▶ _Task to complete_: A faithful copy is required: retype the records from their first line through the line with "Witchy Vibes Accent", and omit the pictures.

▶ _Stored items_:
+===+

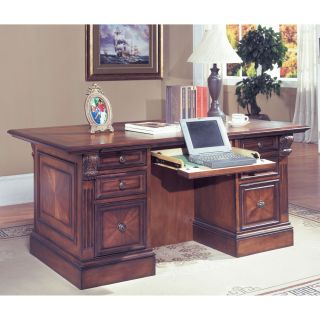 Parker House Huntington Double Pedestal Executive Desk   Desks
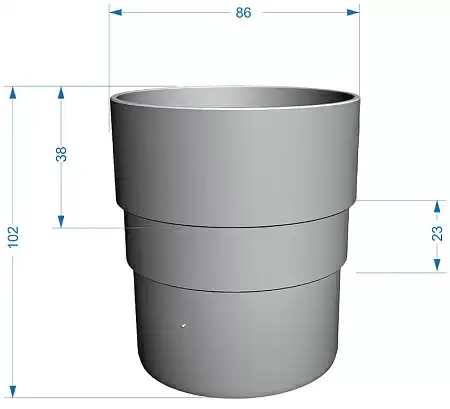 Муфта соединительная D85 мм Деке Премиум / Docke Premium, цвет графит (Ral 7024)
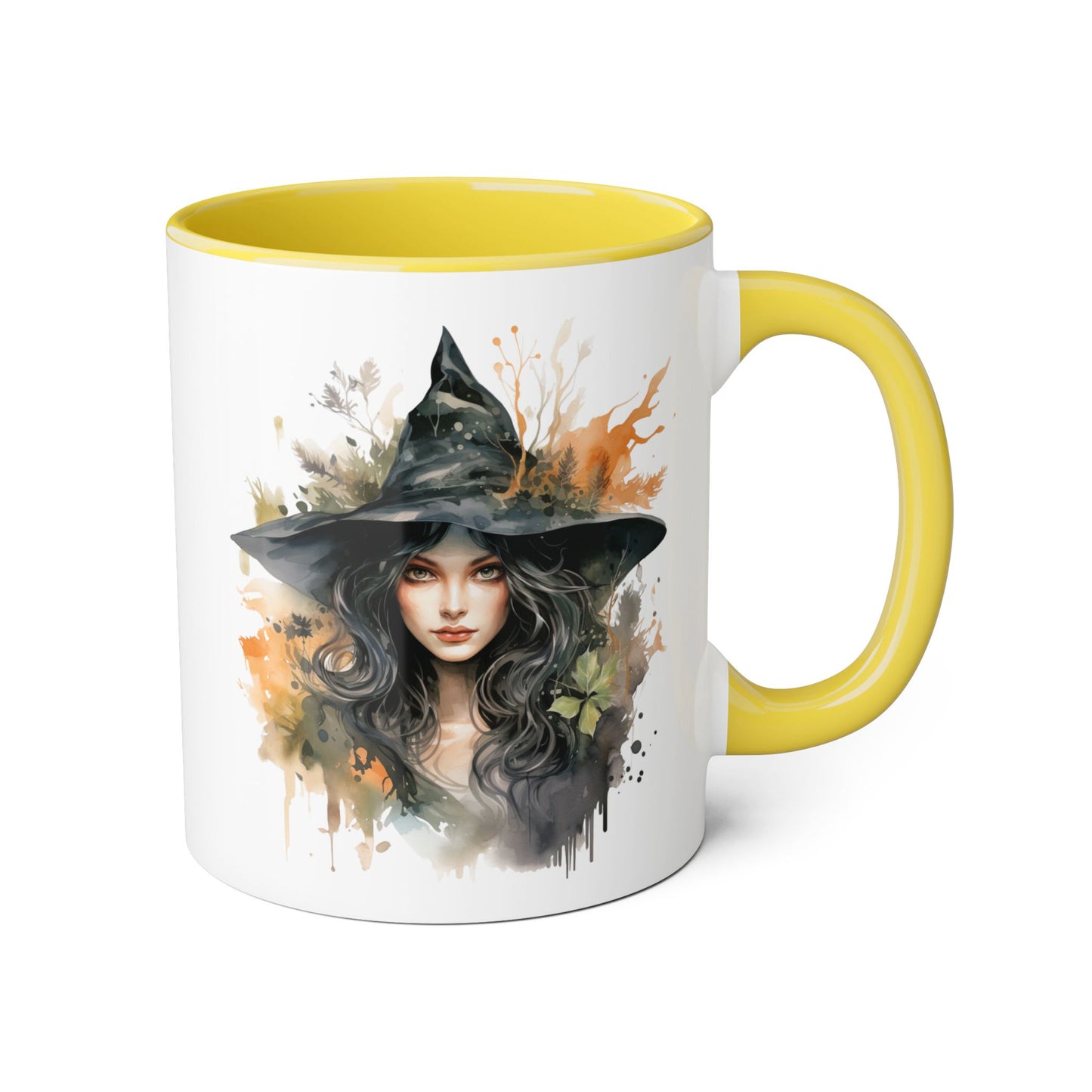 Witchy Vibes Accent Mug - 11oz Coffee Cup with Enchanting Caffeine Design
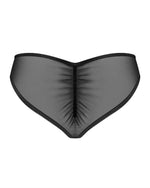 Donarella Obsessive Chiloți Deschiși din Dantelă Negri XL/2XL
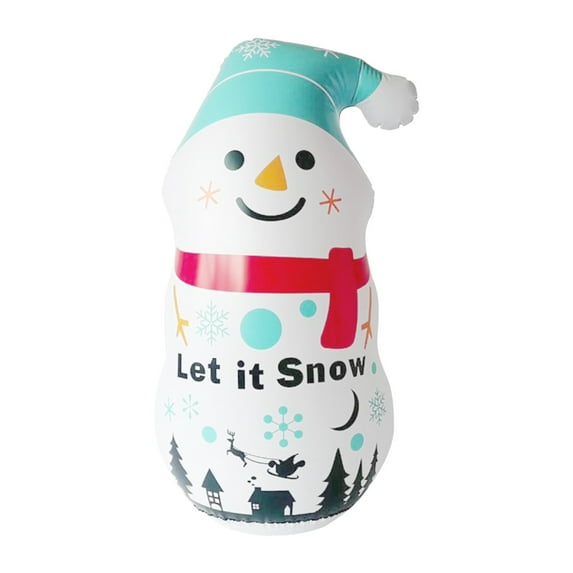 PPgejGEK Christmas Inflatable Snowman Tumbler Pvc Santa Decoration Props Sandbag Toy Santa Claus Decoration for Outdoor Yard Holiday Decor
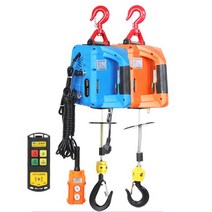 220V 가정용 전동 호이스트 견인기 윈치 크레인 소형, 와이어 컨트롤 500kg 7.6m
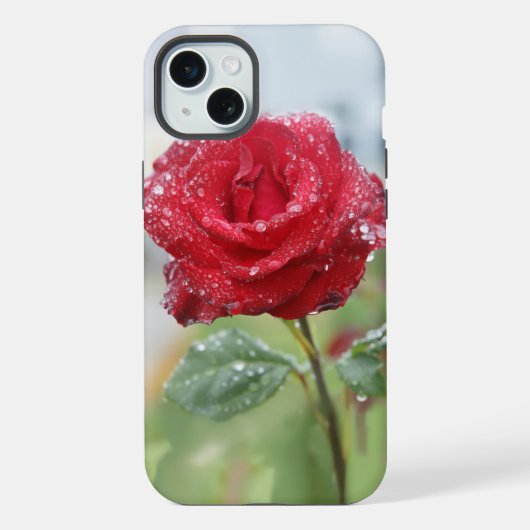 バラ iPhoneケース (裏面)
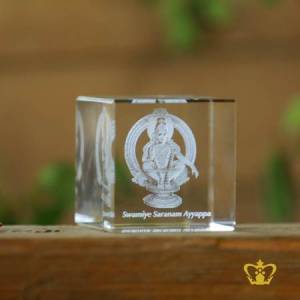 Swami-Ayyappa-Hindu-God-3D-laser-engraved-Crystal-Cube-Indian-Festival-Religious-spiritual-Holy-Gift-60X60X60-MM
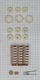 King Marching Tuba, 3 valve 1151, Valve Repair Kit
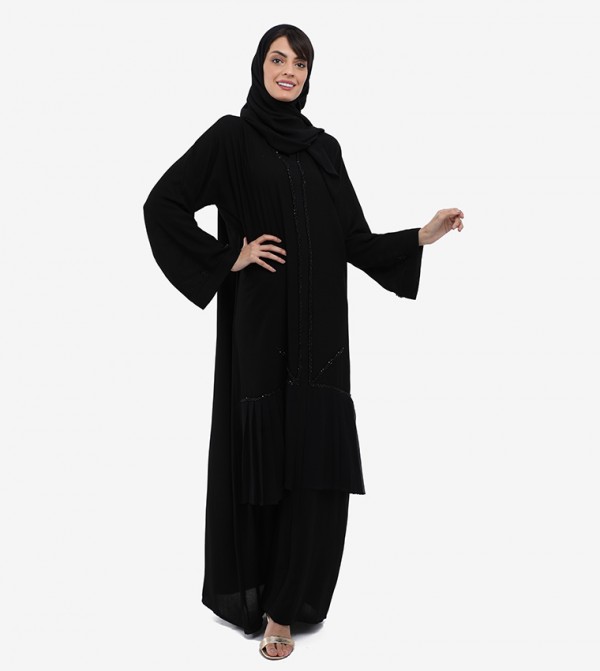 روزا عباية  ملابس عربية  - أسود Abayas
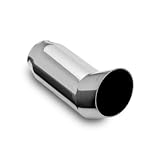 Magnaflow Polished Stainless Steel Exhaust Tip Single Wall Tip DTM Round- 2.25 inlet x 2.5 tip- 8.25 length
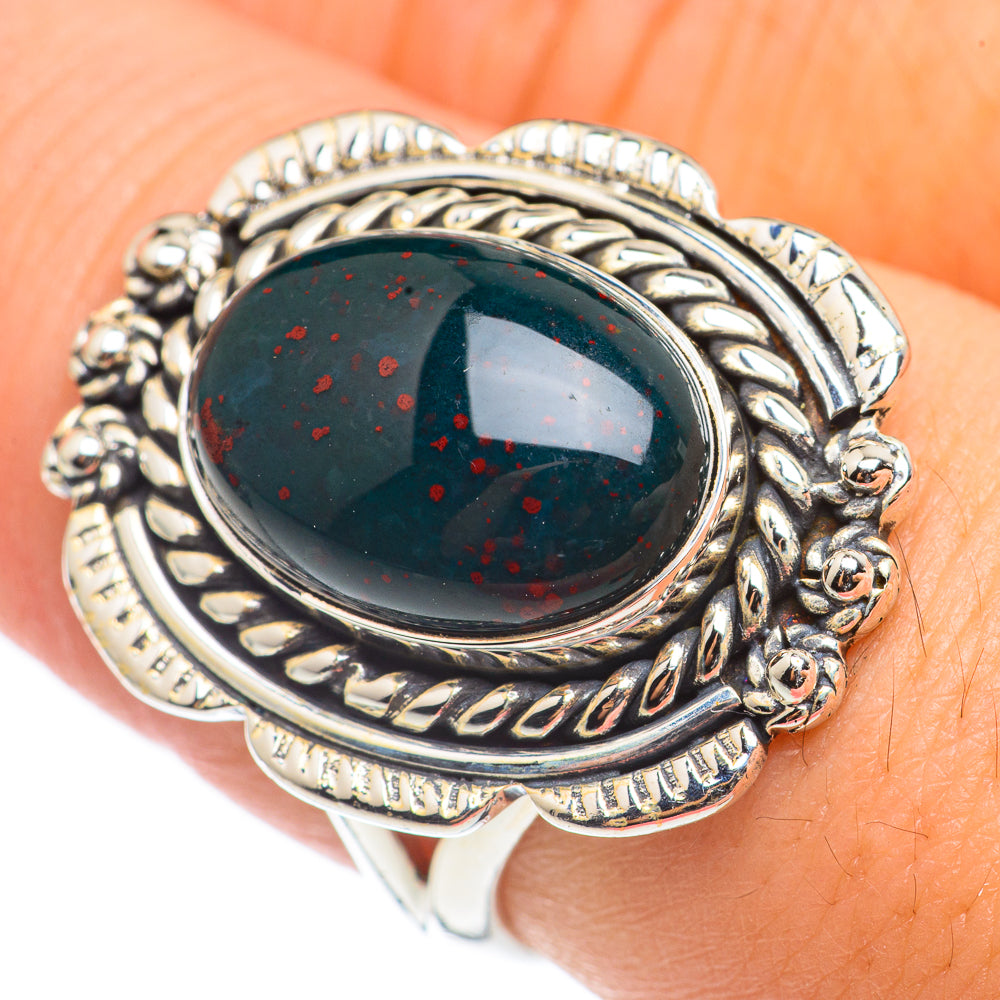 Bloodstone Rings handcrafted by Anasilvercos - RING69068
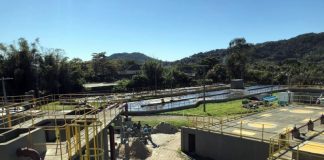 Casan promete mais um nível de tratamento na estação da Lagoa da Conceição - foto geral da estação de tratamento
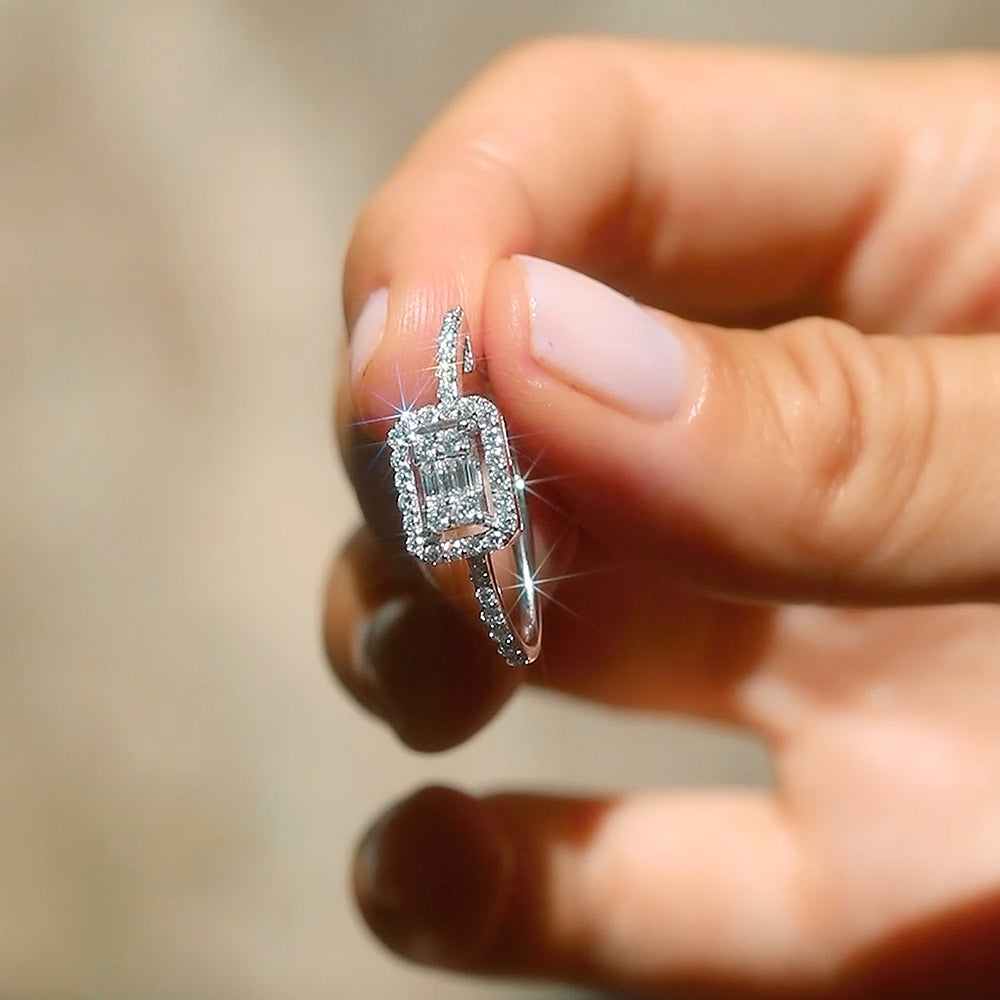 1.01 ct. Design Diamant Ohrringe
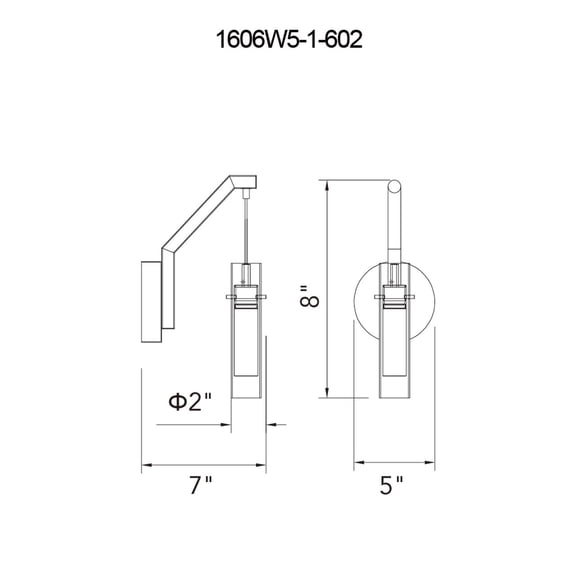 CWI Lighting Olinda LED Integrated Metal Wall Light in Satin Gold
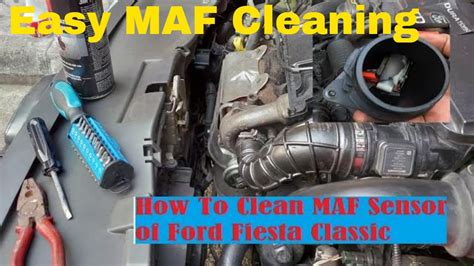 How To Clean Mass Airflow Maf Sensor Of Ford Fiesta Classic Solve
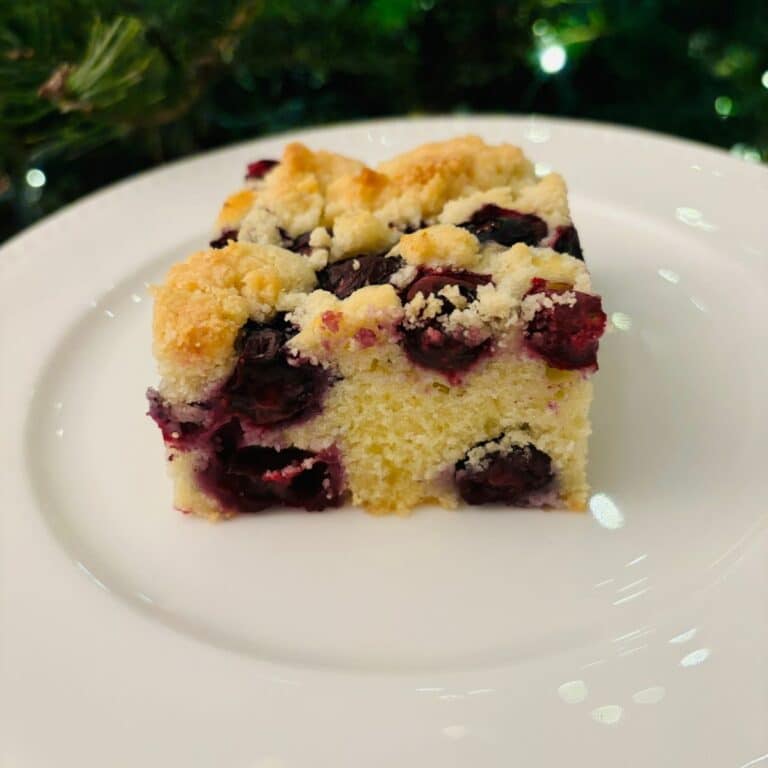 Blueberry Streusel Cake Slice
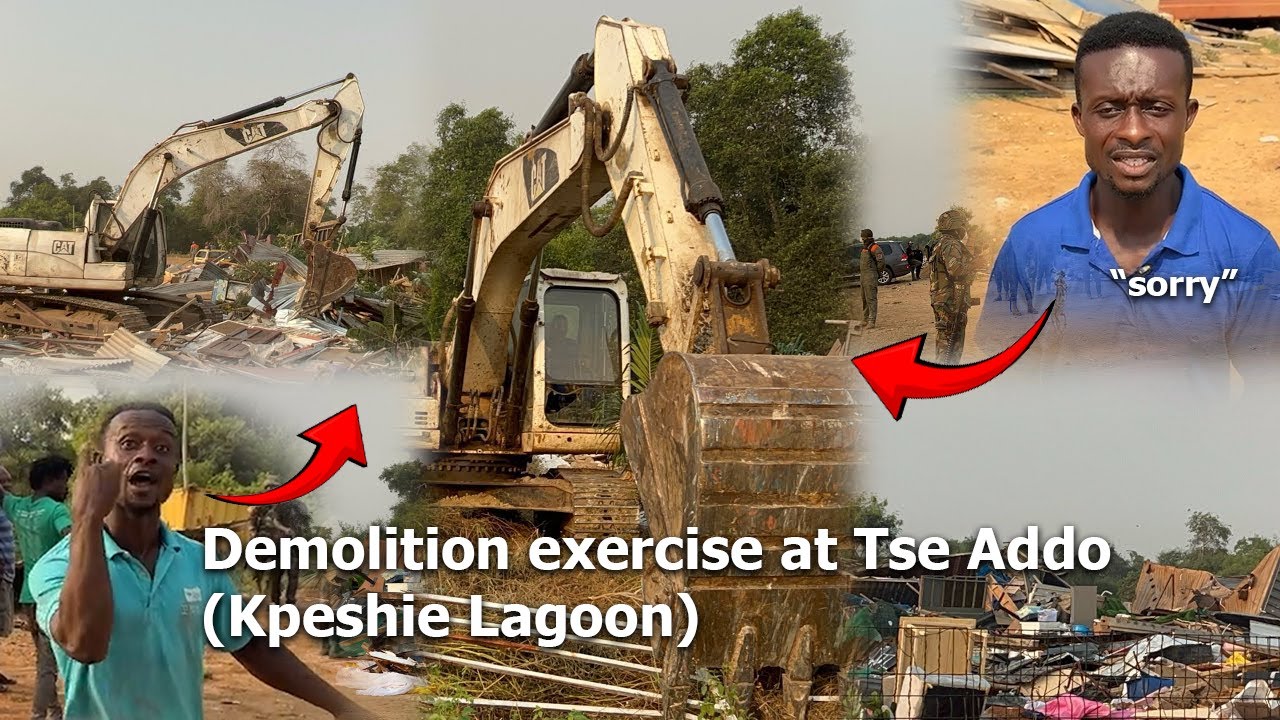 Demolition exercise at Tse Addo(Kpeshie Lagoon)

+===+

▶ _Written reply_:
 Parker House Huntington Double Pedestal Executive Desk   Desks
 Муфта соединительная D85 мм Деке Премиум / Docke Premium, цвет графит (Ral 7024)
 Witchy Vibes Accent Mug - 11oz Coffee Cup with Enchanting Caffeine Design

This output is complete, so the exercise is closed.